[ 
https://issues.apache.org/jira/browse/GOBBLIN-1367?page=com.atlassian.jira.plugin.system.issuetabpanels:comment-tabpanel&focusedCommentId=17492905#comment-17492905
 ] 

Kengo Seki commented on GOBBLIN-1367:
-------------------------------------

Hi [~shirshanka], are you going to address this issue?
I've already submitted a PR on it, so I'd be glad if you review it.
https://github.com/apache/gobblin/pull/3209


> Fix PostgresqlExtractor's unnecessary string replacement
> --------------------------------------------------------
>
>                 Key: GOBBLIN-1367
>                 URL: https://issues.apache.org/jira/browse/GOBBLIN-1367
>             Project: Apache Gobblin
>          Issue Type: Bug
>          Components: gobblin-sql
>            Reporter: Kengo Seki
>            Assignee: Shirshanka Das
>            Priority: Major
>          Time Spent: 1h
>  Remaining Estimate: 0h
>
> I tried to run PostgreSQL Source/Extractor with the following minimal config,
> {code}
> $ psql
> psql (12.5 (Ubuntu 12.5-0ubuntu0.20.04.1))
> Type "help" for help.
> sekikn=# \c
> You are now connected to database "sekikn" as user "sekikn".
> sekikn=# \d
>  public | t    | table | sekikn
> sekikn=# \d t
>  c      | character varying |           |          | 
> {code}
> {code}
> $ cat ~/postgres_to_console.job 
> source.class=org.apache.gobblin.source.extractor.extract.jdbc.PostgresqlSource
> source.conn.driver=org.postgresql.Driver
> source.conn.username=sekikn
> source.conn.password=********
> source.conn.host=localhost
> source.conn.port=5432
> source.conn.database=sekikn
> source.querybased.schema=public
> source.entity=t
> extract.table.type=SNAPSHOT_APPEND
> writer.builder.class=org.apache.gobblin.writer.ConsoleWriterBuilder
> data.publisher.type=org.apache.gobblin.publisher.NoopPublisher
> {code}
> but came across the following error.
> {code}
> $ bin/gobblin cli run -jobName postgres_to_console -jobFile 
> ~/postgres_to_console.job
> (snip)
> 2021-01-21 07:45:40 JST INFO  [gobblin-instance-driver] 

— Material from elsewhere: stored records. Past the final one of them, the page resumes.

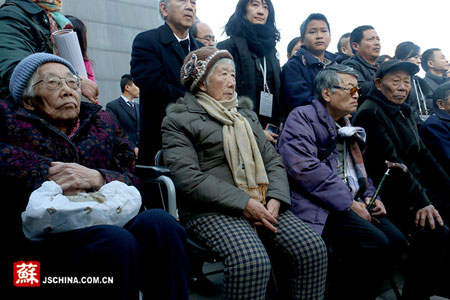 南京大屠杀幸存者和遇难者遗属来到法会现场，共同悼念遇难同胞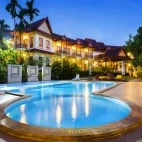 Swimming pool at PhuWanalee Resort in Thailand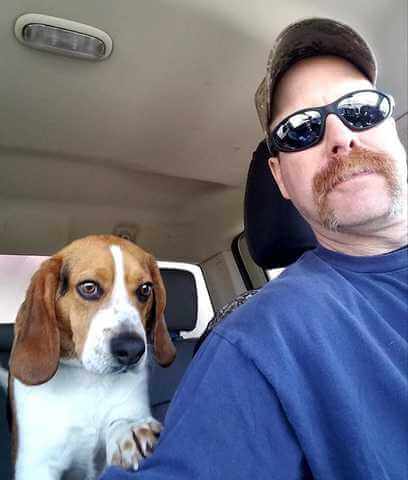 Mężczyzna uratował psa rasy beagle przed uśpieniem. Pies podziękował mu w niezwykły sposób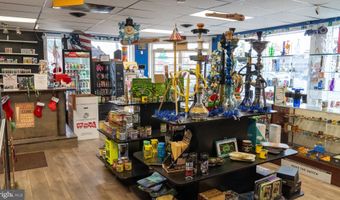 First State Vape LLC 470 N DUPONT HWY, Dover, DE 19901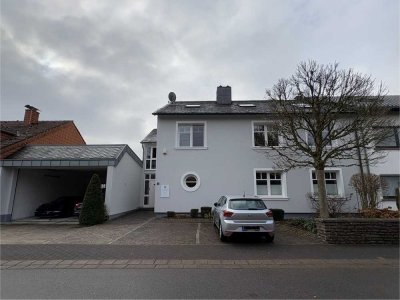 Großzügige 7-Zimmer-Maisonette-Wohnung mit EBK und Doppelgarage in Mettlach-Orscholz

> org.apache.gobblin.source.jdbc.JdbcExtractor [public_t_1611182740226_0] - 
> Extract metadata using JDBC
> 2021-01-21 07:45:40 JST INFO  [gobblin-instance-driver] 

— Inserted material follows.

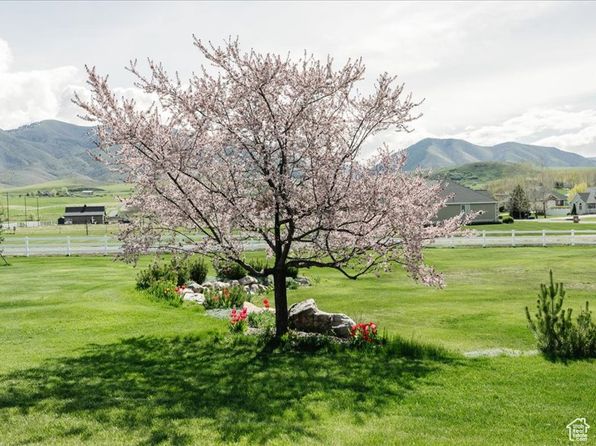 185 E 9400 S, Paradise, UT 84328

> org.apache.gobblin.source.jdbc.JdbcExtractor [public_t_1611182740226_0] - 
> Executing query:select col.column_name, col.data_type, case when 
> CHARACTER_OCTET_LENGTH is null then 0 else 0 end as length, case when 
> NUMERIC_PRECISION is null then 0 else NUMERIC_PRECISION end as precesion, 
> case when NUMERIC_SCALE is null then 0 else NUMERIC_SCALE end as scale, case 
> when is_nullable='NO' then 'false' else 'true' end as nullable, '' as format, 
> '' as comment from information_schema.COLUMNS col WHERE 
> upper(col.table_name)=upper(?) AND upper(col.table_schema)=upper(?) order by 
> col.ORDINAL_POSITION
> 2021-01-21 07:45:40 JST INFO  [gobblin-instance-driver] 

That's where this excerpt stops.